__Recorded information__.
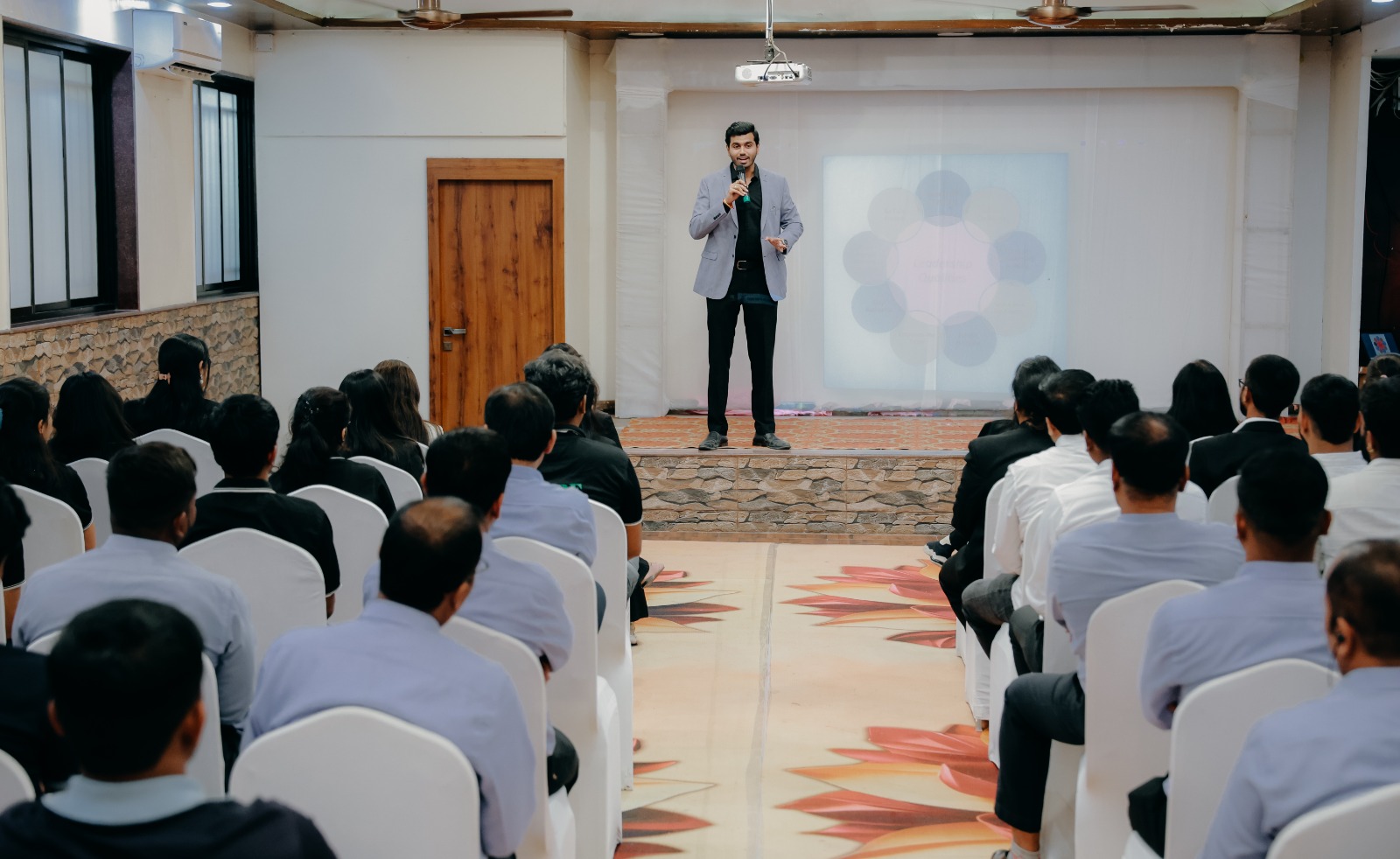 Opportunities for Growth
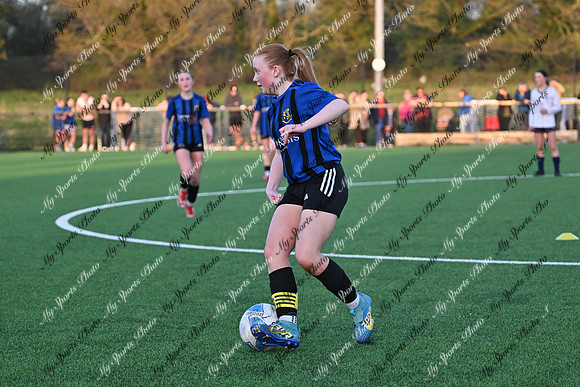 Armagh City v Riverdale Ui5-170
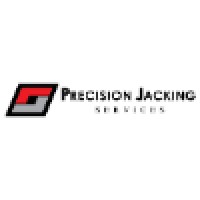 Precision Jacking Services Pty Ltd Logo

__Problem to solve__.
Before copying the material, set its pictures aside; then transcribe it word for word.

__Exercise solution__.
 Opportunities for Growth
 Armagh City v Riverdale Ui5-170
 Precision Jacking Services Pty Ltd Logo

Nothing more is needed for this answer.